Joel Corry, who is a writer for the National Football Post and former agent, wrote an interesting article on how to modify the franchise tag system in the NFL. And he made a lot of great points, including how the individual franchise tags are not recognizing how the game has changed over the years, especially when it comes to positions such as wide receiver, tight end, linebacker and defensive end.       

The truth is, other than the quarterback position, almost every player on the field can be deemed a hybrid in some manner or another. There are several players who will play at least two different positions depending on the situation and the play call. Corry's plan is to meet in the middle between the wide receiver and tight end franchise tag in Graham's situation. He feels this is a good idea and would actually work.

But what may be a better idea to simplify the process is to create a standard hybrid franchise tag.       

This tag will be helpful to players such as Denver Broncos TE Julius Thomas and San Francisco 49ers TE Vernon Davis in their future negotiations. The latter is already staging a holdout until his contract is negotiated. Although Davis has two years left on his contract, he knows Graham’s grievance could be helpful to him getting a pay raise.          

The Saints cross-train their players to learn more than one position in case of injury and add to the versatility of both units. S Kenny Vaccaro is also used as a nickel cornerback when Rob Ryan wants to play a three-safety backfield.        

So when he becomes a free agent and, if he ends up playing cornerback more than safety, this is a situation where the hybrid designation would come into play.       

This season, there is a $3.4 million difference in average pay between a top cornerback and a top safety. Now it may be a stretch to compare Vaccaro to a top cornerback, but the rules apply to percentage of time lined up at the position, not overall ability to play the position.       

With the hybrid franchise tag, it will only have to meet in the middle, so if Vaccaro were to be tagged a hybrid, he should get over $10 million for that season.
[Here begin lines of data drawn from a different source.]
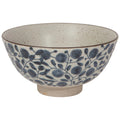 Large ceramic bowl with speckled stone finish and blue leaf and dot pattern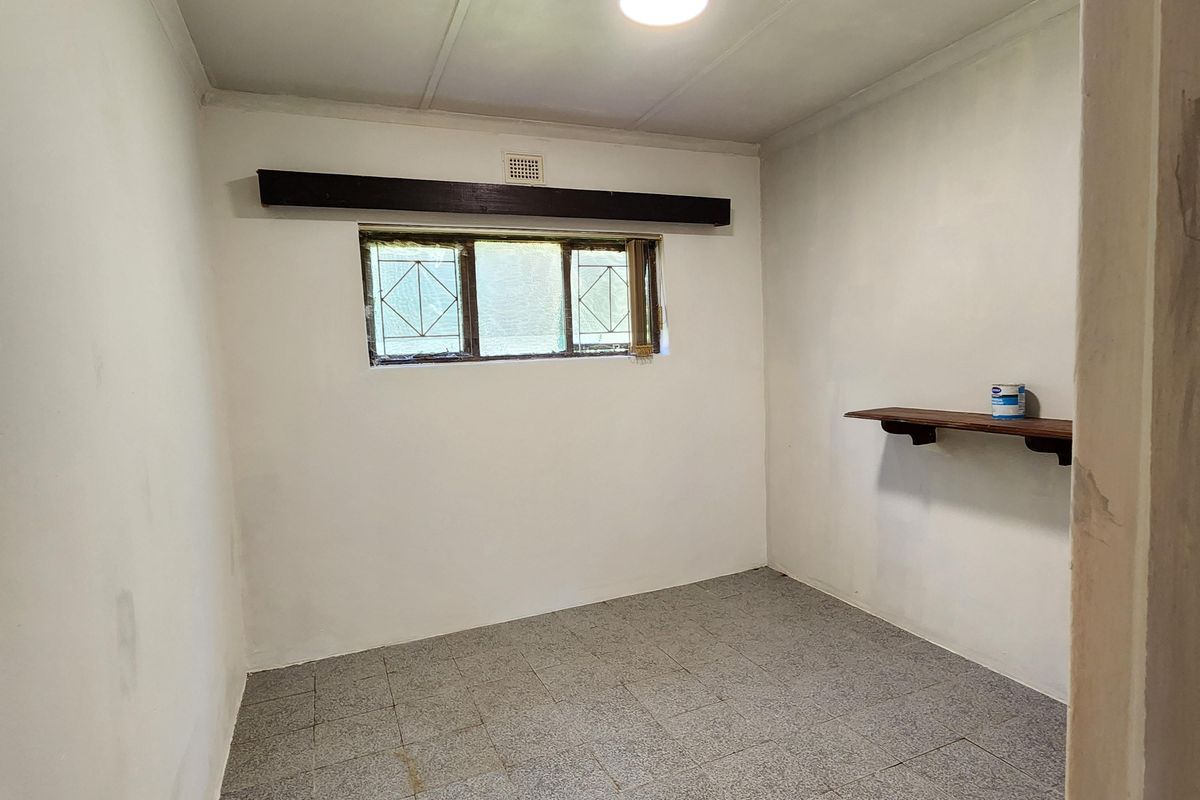 A small, empty utility room or bedroom featuring tiled flooring, a single window with security bars, and a wall-mounted shelf.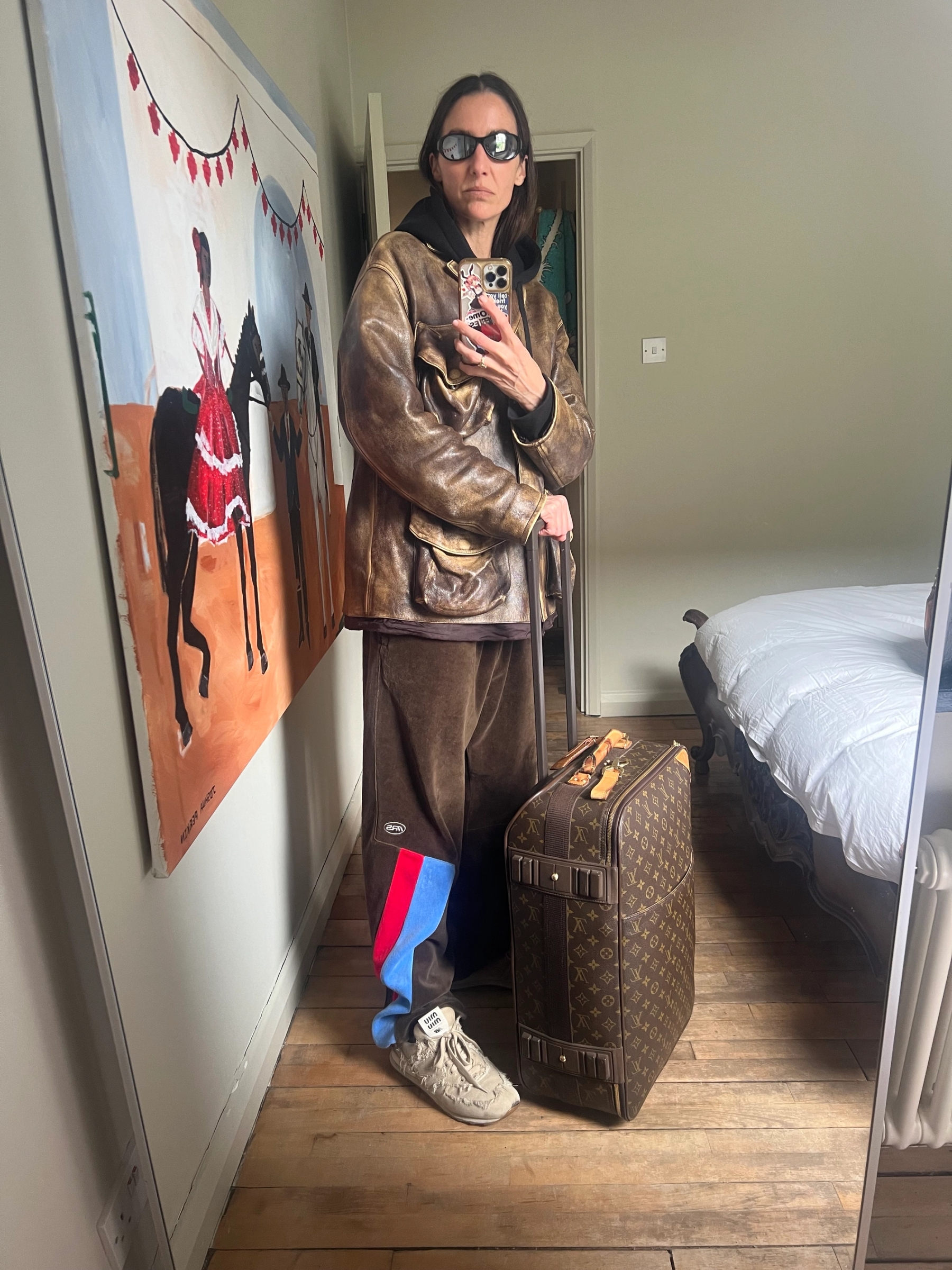 Bag Louis Vuittton, Jacket Miu Miu, Hoodie Nike, Trousers Martine Rose X Supreme, Shoes Miu Miu X New Balance, Sunglasses Joseph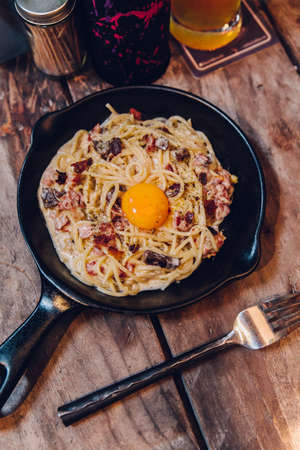 Fettuccine Carbonara yolk bacon served in black pan on wooden table.の写真素材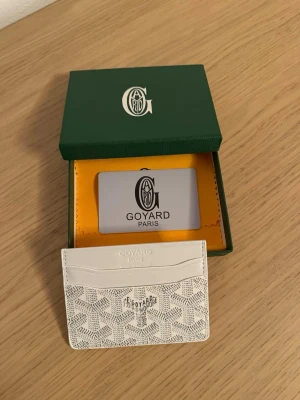 Vit korthållare - Säljer en stilren vit korthållare med deras ikoniska mönster i.... Plånboken har flera kortfack och är tillverkad i exklusivt skinn. Kommer med original ask och certifikat. Perfekt för dig som vill ha något ly, men ändå diskret. Skickar produkten snabbt Dm mig om ni har frågor😁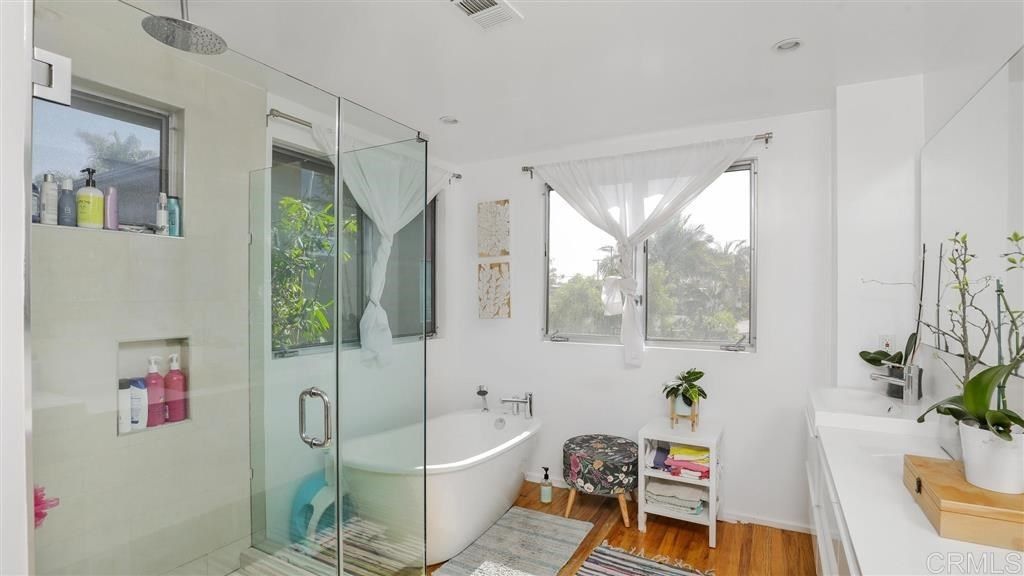 A bathroom with a bathtub and a walk in shower.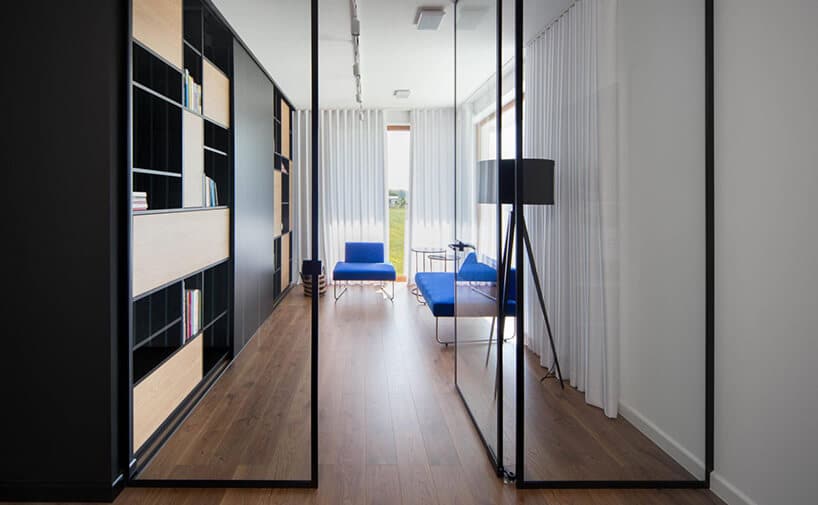 pokój z ciemną drewnianą podłogą z przeszkloną ścianą wejściową z niebieską sofą i fotelem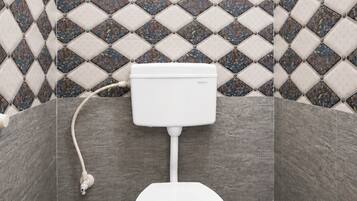 A bathroom with a toilet, a wall-mounted sink, and a patterned tile backsplash.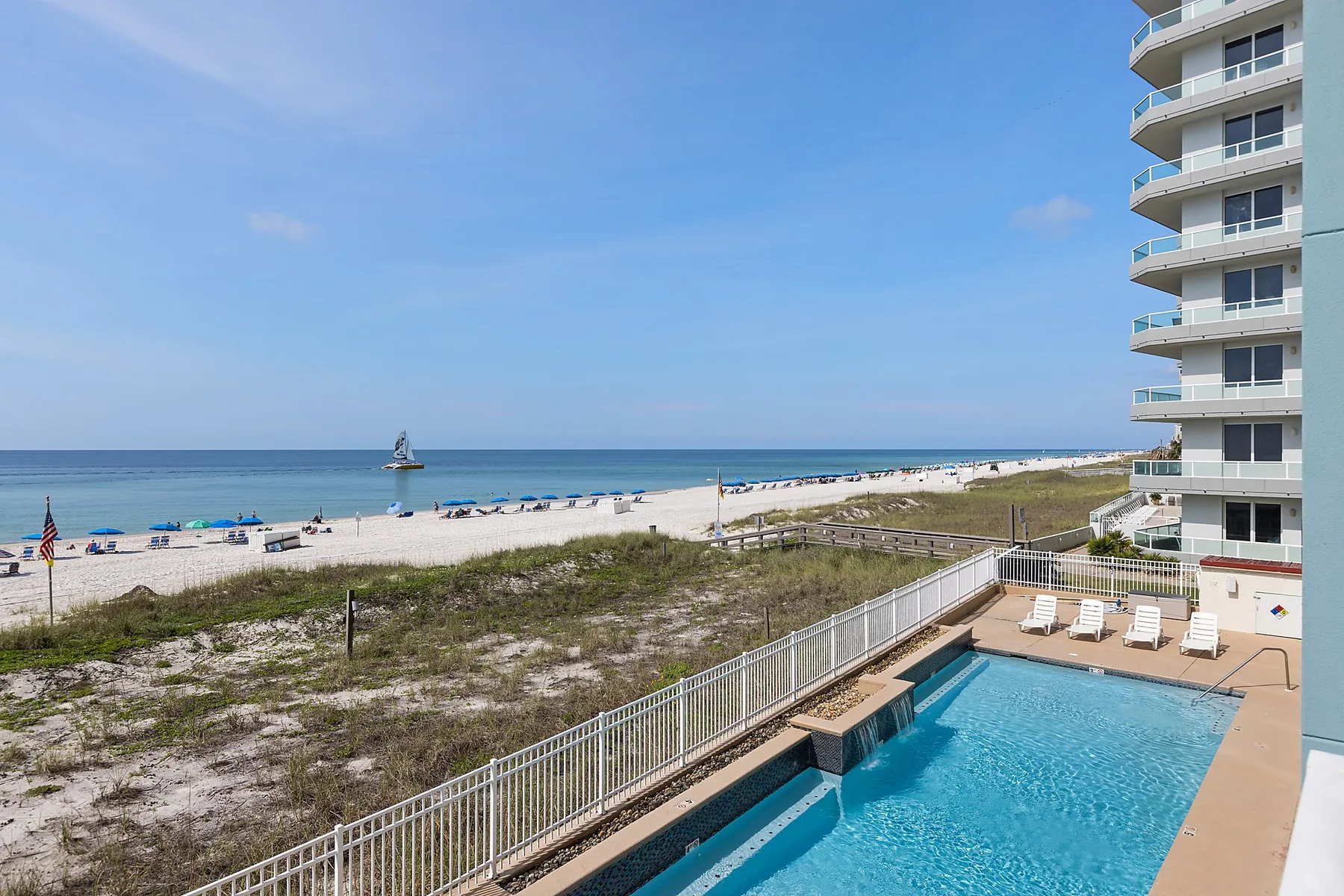 A beachfront pool overlooks sandy dunes and the ocean.
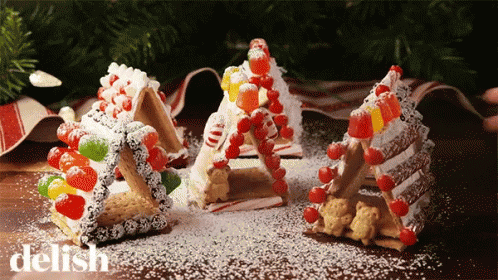 Gingerbread House Decorated With Candy Canes GIF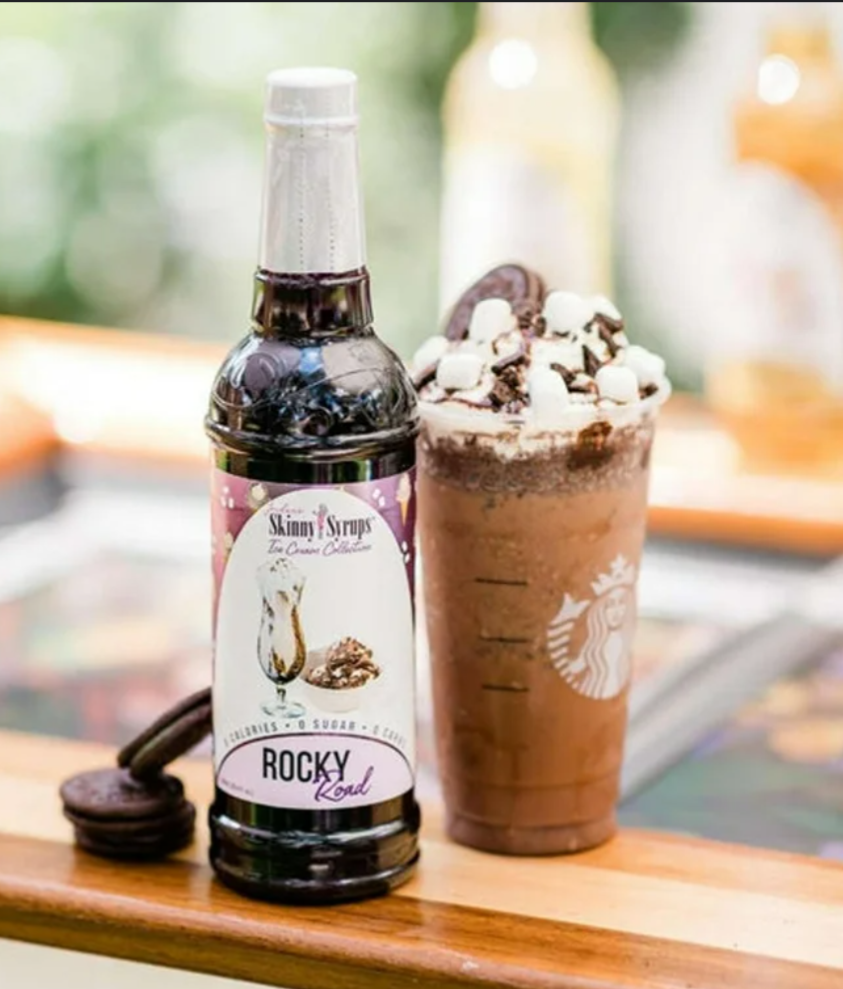 Bottle of Skinny Syrups Rocky Road syrup next to a Starbucks drink with whipped cream and cookies.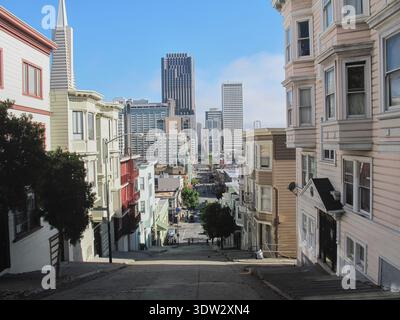Una prospettiva a livello della strada che conduce lo sguardo verso lo skyline distante. La scena fonde la vita urbana quotidiana con l'architettura riconoscibile della città. Foto Stock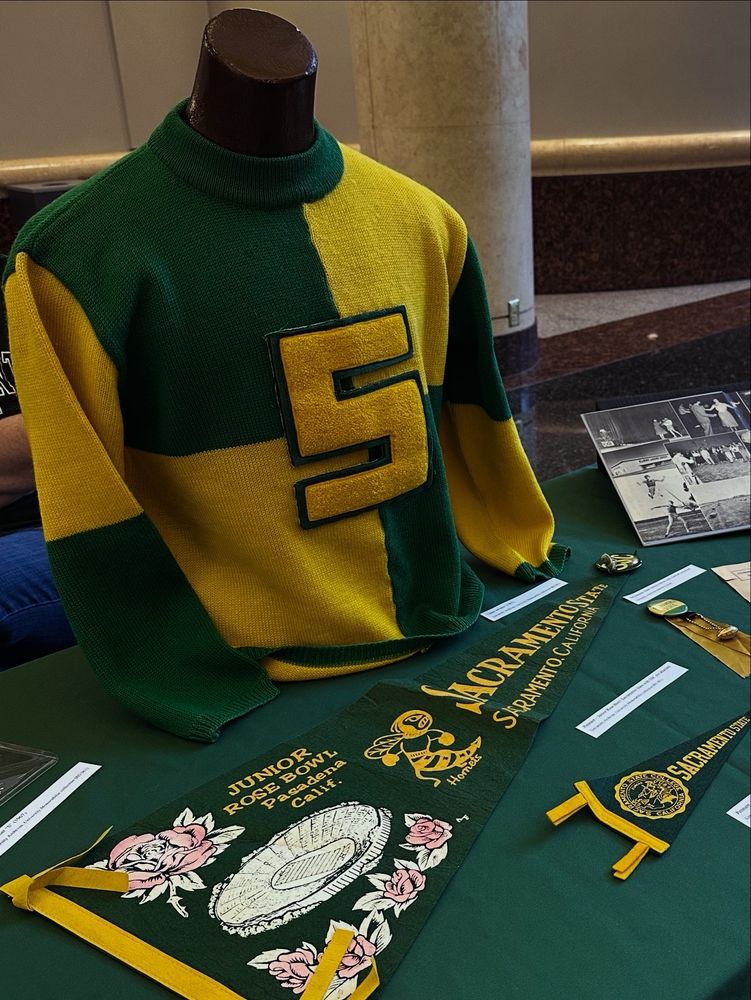 A display of green and yellow Sacramento State memorabilia, including pennants and a cheer sweater. 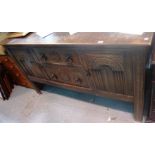 A 20th century oak sideboard.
Also, the hybrid tag can only be used if there is a player who lines up in other positions more than his designated position. If he does not, then he will only get his position franchise tag.        

This approach can simplify the process because it can be used on any position it is needed and it cuts down the debates on whether a player plays one position or another.        

How this is different from Corry’s idea is that the hybrid tag keeps players who do not meet the necessary criteria won't force teams to give them more money under the franchise tag.        

Graham is a great example for this tag because he has the proof: he has lined up as a wide receiver more than as a tight end so he would qualify automatically with no need for a hearing. Graham could wind up getting $9.5 million instead of the $7 million he is getting now.        

A standard hybrid tag would eliminate the need for hearings and help the franchise tag rules catch up with how the NFL has changed, because right now the rules are behind the times and both the NFL and NFLPA missed the boat in 2011.